Devenir dirigeant :

Le jeu des neuf prophéties[1]

 

Guy Pelletier

Professeur

Université de Montréal

 

Sommaire

 

L'apprentissage à la direction constitue le plus souvent un véritable parcours de combattant. Depuis quelques années, bien des scénarios de préparation au métier sont formulés. D'une formation “ certifiante ”, au sein d'établissements d'enseignement supérieur, à une formation sur le tas en solo ou un compagnonnage relevant de pairs en exercice, les avenues sont nombreuses, diversifiées et... complémentaires. Quelles que soient les formes valorisées de préparation au métier, devenir dirigeant constitue toujours le moment d'une rencontre exceptionnelle. La rencontre d'un sujet avec ses croyances...

 

 

Introduction

 

Dans les milieux de la formation en management, on croit trop souvent que les dirigeants appliquent, lors de leurs actions, les théories enseignées dans les salles de cours des universités et des grandes écoles. La réalité est bien autre. Elle est surtout bien plus complexe. S'il est vrai que les dirigeants dans leur action appliquent les grands processus administratifs, dans la pratique peu de choses se déroulent selon les grandes phases prévues. En fait, la théorie du bordel ambiant reflète souvent davantage l'environnement de travail du dirigeant, particulièrement de celui qui est actif, que les théories souvent enseignées peuvent arriver à le traduire. Même les efforts de Mintzberg (1984) pour améliorer la compréhension des dirigeants en action, via l'étude des rôles exercés, possèdent des limites[2].

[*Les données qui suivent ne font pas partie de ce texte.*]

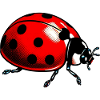 Marienkäfer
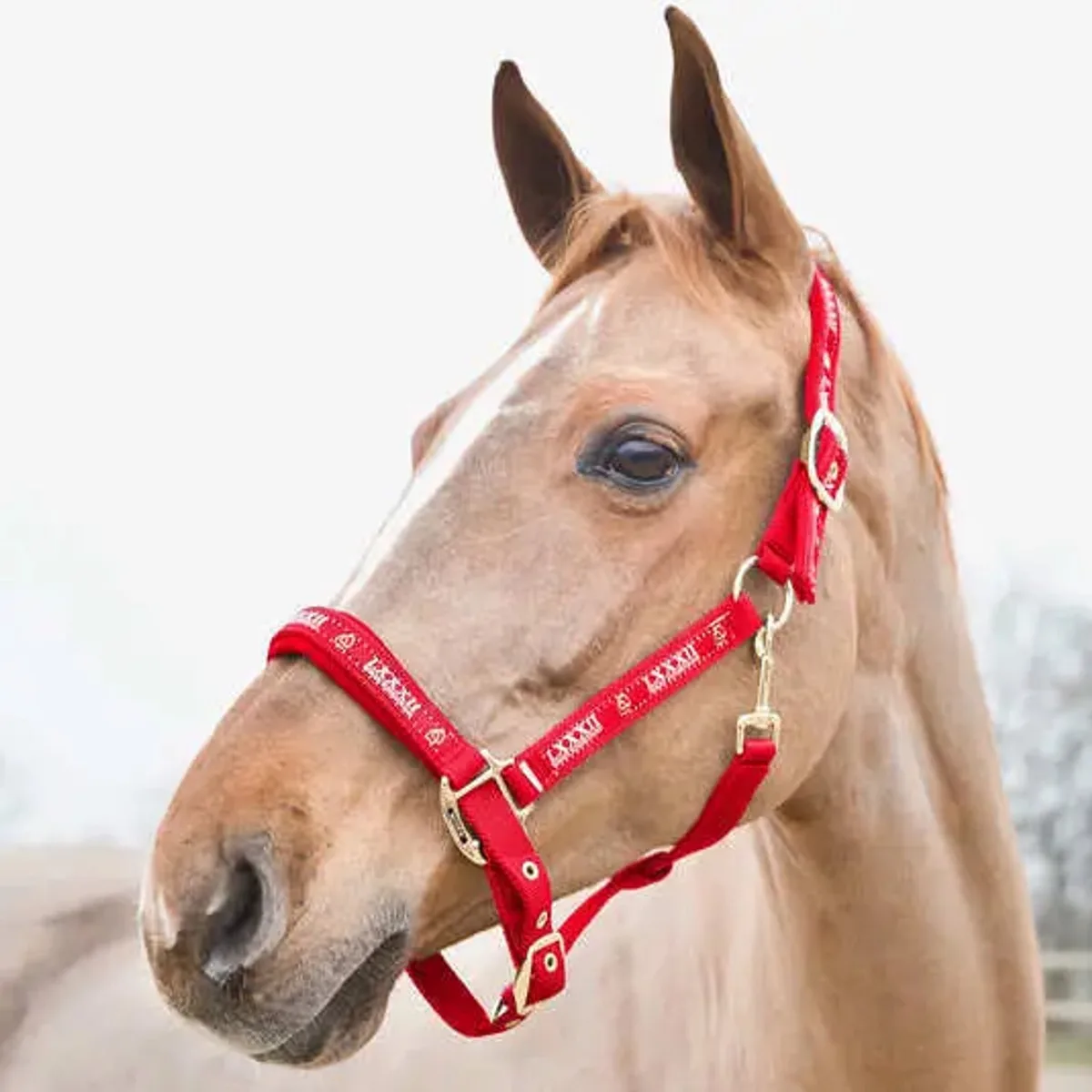 Halster voor paarden Horze Hamptons von Horze in Herfst zonsondergang oranje – Produktfoto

Par ailleurs, les dirigeants dans leurs pratiques quotidiennes croient mettre en œuvre les théories qu'ils professent. Or, les contraintes permanentes de l'action, la propension chez bien des dirigeants à vivre aux limites de leurs capacités et les difficultés qu'ils éprouvent à analyser leur pratique font en sorte qu'il existe des écarts considérables entre les théories professées par ces derniers et les théories qu'ils mettent vraiment en pratique[3]. Les dirigeants ne sont pas sans éprouver de difficulté à apprendre de leur pratique et, en conséquence, cela hypothèque leur capacité de pouvoir soutenir avec habileté la formation en exercice de leurs collègues novices. En fait, la mise au point et la réalisation au quotidien d'une formation qualifiante, nécessite du temps, des ressources et des compétences qui ne sont pas partagés par tous. Cela prend aussi la volonté d'un certain recul à l'égard de son action quotidienne et de l'intérêt pour la transposition didactique. Autant il est possible de réaliser de nombreux apprentissages lors des premières années dans une fonction, autant nous sommes susceptibles de devenir les victimes de nos routines, de nos habitudes, de nos manières, acquises au cours des années, de voir et d'appréhender l'action. Bref, nous sommes trop fréquemment les prisonniers de nos succès passés. Telle action réussie dans un tel contexte a vite tendance à se transformer en réponse acquise pour les situations à venir.

Les écarts entre les théories enseignées et la pratique professionnelle, entre les théories d'action que les praticiens croient mettre en pratique et celles qu'ils mettent vraiment en pratique, font en sorte que, plus d'un siècle après l'invention du management et la récente popularité de la formation en gestion par les pairs[4], il faut bien reconnaître que l'apprentissage à devenir dirigeant demeure un chemin difficile, souvent réalisé seul avec soi-même et où les prophéties ne se réalisent pas nécessairement dans le sens qu'on anticipait.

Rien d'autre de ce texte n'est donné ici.